Apenas seis dos 22 candidatos a governador apoiados pelo Partido Liberal (PL) confirmaram que exibirão imagens, farão menções ou pedirão votos para o senador e presidenciável Flávio Bolsonaro (PL-RJ) na estreia da propaganda eleitoral. A ausência do senador reflete acordos estaduais restritos e escolhas estratégicas de aliados nacionais.

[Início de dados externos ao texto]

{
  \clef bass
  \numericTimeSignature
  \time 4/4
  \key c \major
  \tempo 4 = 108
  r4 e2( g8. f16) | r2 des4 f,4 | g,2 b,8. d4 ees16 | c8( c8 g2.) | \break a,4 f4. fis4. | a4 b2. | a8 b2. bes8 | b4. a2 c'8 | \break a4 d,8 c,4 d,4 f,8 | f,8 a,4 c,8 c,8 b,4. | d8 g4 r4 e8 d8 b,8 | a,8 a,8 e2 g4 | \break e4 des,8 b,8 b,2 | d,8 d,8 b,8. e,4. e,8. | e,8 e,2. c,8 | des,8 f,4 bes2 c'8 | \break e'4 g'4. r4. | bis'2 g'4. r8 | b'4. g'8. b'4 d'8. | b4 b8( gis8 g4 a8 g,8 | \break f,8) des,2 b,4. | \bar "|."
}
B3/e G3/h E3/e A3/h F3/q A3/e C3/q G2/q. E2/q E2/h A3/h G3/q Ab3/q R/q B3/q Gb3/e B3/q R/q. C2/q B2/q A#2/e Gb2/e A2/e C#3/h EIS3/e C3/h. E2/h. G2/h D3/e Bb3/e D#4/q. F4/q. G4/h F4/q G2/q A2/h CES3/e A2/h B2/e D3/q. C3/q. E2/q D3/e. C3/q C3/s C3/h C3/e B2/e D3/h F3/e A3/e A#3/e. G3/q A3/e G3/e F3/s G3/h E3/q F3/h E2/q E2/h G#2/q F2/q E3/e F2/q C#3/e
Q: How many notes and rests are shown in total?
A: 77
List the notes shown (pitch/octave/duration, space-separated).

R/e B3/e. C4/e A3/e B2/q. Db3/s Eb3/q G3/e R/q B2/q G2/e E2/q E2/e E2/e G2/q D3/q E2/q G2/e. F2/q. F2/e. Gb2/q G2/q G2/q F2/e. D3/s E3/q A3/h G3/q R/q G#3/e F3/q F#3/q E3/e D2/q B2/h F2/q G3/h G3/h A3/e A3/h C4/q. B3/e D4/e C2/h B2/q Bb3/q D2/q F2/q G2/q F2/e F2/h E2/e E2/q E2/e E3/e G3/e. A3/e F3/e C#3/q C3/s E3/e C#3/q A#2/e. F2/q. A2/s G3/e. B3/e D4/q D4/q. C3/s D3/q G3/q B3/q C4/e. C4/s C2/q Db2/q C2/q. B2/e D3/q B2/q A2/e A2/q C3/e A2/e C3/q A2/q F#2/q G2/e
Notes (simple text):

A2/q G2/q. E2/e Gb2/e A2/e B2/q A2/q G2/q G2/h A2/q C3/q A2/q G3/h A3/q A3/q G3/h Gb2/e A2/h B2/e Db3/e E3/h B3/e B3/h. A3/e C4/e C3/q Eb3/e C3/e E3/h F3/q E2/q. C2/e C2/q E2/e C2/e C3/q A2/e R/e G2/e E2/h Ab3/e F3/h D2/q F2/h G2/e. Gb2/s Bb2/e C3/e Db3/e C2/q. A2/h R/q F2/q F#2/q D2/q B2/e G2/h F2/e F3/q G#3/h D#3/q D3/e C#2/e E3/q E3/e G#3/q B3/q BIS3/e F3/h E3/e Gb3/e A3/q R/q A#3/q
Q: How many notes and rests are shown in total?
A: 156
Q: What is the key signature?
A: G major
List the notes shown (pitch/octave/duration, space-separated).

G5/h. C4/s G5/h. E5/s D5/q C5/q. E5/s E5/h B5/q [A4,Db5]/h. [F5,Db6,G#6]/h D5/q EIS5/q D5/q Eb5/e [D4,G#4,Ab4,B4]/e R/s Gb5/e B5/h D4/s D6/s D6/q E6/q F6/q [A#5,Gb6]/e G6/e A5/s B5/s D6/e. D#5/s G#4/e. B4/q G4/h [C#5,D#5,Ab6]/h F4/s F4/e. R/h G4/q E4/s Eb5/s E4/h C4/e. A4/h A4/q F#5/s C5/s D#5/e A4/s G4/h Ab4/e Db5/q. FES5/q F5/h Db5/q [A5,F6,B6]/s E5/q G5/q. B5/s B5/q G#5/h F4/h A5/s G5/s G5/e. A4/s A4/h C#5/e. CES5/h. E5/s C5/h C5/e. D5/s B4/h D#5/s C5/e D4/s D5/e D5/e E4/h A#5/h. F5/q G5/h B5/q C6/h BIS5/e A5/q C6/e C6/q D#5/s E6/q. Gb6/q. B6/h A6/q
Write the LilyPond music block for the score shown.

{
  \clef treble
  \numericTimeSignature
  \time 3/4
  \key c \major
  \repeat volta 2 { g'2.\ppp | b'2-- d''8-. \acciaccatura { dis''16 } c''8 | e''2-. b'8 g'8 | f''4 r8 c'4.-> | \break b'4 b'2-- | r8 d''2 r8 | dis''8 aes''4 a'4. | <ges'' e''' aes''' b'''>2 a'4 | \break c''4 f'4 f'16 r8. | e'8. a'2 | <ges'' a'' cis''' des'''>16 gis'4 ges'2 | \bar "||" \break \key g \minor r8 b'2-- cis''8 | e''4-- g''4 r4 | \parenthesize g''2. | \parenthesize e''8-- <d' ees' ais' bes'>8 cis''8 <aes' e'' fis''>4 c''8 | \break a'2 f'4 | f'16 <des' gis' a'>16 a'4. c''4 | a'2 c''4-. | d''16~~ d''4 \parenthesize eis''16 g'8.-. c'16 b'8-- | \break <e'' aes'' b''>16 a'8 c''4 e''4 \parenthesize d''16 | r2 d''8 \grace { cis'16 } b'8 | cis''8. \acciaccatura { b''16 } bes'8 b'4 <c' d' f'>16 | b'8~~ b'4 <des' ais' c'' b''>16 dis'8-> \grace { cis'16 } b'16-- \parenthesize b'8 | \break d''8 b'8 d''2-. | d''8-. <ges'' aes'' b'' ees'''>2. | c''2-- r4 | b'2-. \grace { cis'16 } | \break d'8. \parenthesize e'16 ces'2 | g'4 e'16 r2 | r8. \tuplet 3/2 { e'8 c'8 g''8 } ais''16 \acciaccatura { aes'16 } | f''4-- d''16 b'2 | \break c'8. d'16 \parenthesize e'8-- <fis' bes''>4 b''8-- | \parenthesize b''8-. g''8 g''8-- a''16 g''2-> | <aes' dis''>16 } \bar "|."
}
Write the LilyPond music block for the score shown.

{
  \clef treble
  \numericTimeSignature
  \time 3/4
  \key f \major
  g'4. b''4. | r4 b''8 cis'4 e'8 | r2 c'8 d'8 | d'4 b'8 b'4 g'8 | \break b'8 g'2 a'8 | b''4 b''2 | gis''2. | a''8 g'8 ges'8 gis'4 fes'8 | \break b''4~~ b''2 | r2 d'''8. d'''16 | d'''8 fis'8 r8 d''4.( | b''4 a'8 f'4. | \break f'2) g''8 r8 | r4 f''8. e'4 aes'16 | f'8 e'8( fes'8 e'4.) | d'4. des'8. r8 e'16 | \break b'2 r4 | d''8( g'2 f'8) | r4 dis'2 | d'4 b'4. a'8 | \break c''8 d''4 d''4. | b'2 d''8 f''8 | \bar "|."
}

Entre os que confirmaram a presença do senador estão Tião Bocalom (PSDB), no Acre, Eduardo Riedel (PSD), em Mato Grosso own Sul, Sergio Moro (PL), no Paraná, e Jorginho Mello (PL), em Santa Catarina. Riedel fará pedido de voto explícito, enquanto Moro utilizará uma referência mais sutil para apresentar a união entre lavajatistas e bolsonaristas.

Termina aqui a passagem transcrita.